Published Catalogue Text: Ancient Mediterranean and Near Eastern Bronzes at the Harvard Art Museums
This figure of an offerand or priest holds a pyxis in his left hand. His left arm is bent at the elbow. The right arm, which is missing from just above the elbow, was extended outward and would have held a patera in its hand. His large head is turned to his right. The hair is depicted as sausage-like lumps above the forehead and at the sides of the face; the effect is reminiscent of Hellenistic art derived from portraits of Alexander. He wears a six-pointed foliate crown tied by a ribbon at the back of the head. The facial features are summarily indicated, with large eyes that are not detailed by punches or lines. His weight was on his left leg, which is missing from above the knee. The right leg, which is missing below the garment, would have been slightly behind the left leg. He wears a knee-length cloak draped over his left shoulder and diagonally across the back, secured in a roll around his waist and looped over his left arm, leaving the upper torso and right side of his back bare. The remains of gilding on the back of the cloak are unlikely to be original (1).
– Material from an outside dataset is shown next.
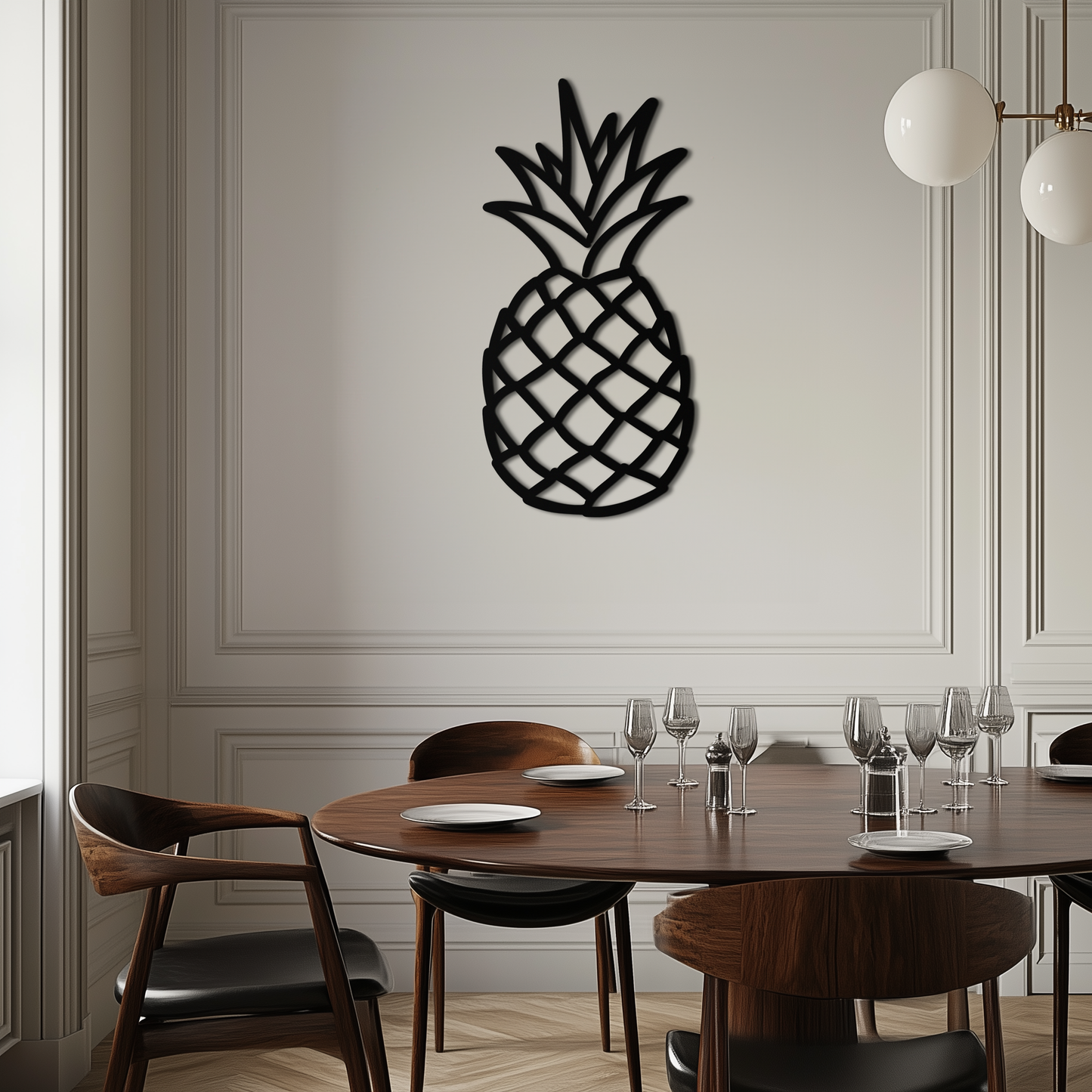 Pineapple Metal Wall Art - Tropical Geometric Home Decor- KAF171 - Tampa Home & Garden Store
The figure is very slender, with little modeling other than what can be seen on the right arm and left buttocks.
This type derives from examples said to have been found at Lake Nemi, such as the votive statuettes representing sacrificing youths in the British Museum, London, who hold an incense box in their left hands, pour a libation from a patera in their outstretched right hands, and wear the same draped toga (2). There are other Hellenistic examples from Etruria and Latium. Many have been found among dedications at sanctuaries. The leafy headdress found on some examples, which may have connected the pieces to a Dionysian cult, has been simplified to a six-pointed crown on the Harvard piece. In addition to the Dionysian association, the discovery of two similar pieces in the excavation of a private house at Vetulonia suggests they were also associated with a domestic cult (3).
The Harvard priest is one of the many mass-produced examples of male and female votives dedicated at sanctuaries mainly in central Italy but also in Gaul and Germany. In spite of the cursory execution, the figure’s hairstyle and animated face are representative of a central Italian style that fused late Etruscan, Hellenistic, and Roman art (4).
NOTES:
1. See W. Oddy et al., “The Gilding of Bronze Sculpture in the Classical World,” in Small Bronze Sculpture from the Ancient World (Malibu, 1990) 103-24.
2. Inv. nos. 1921.0512.1 and 1955.0501.1. Seven male and female offerands were found with a larger statuette of a female figure; the group was dispersed on the art market soon after discovery. For the entire group prior to dispersal, see S. Reinach, “Bronzes du lac de Némi,” Revue Archéologique 14 (1909) 177-87; S. Haynes, “The Bronze Priests and Priestesses from Nemi,” Mitteilungen des Deutschen Archäologischen Instituts, Römische Abteilung 67 (1960) 34-45, esp. 41-42 nn.16-17, which provides a long list of statuettes of the same type as the Harvard piece; and M. Bentz, Etruskische Votivbronzen des Hellenismus (Florence, 1992) 58-63, 119-29, 148-49, 160-64, and 173-75; Groups 32-33; figs. 235-61; pls. 42-45, which also covers comparable pieces. For mass production starting in the third century BCE, see Bentz 1992 (supra) 142-43. For workshops and method of manufacture, see also M. C. Galestin, Etruscan and Italic Bronze Statuettes (Ph.D. diss., Rijksuniversiteit Groningen, 1987) 167-70 and 175-76, who believes they were made near the sanctuaries where they were dedicated.
3. See Bentz 1992 (supra 2) 82-84, pls. 105-108. Both Bentz and Haynes 1960 (supra 2) date the Nemi group to the second half of second century BCE.
4. As observed by M. Comstock and C. C. Vermeule, Greek, Etruscan and Roman Bronzes in the Museum of Fine Arts, Boston (Greenwich, CT, 1971) 134-36, no. 155, which they date from 50 BCE to 50 CE.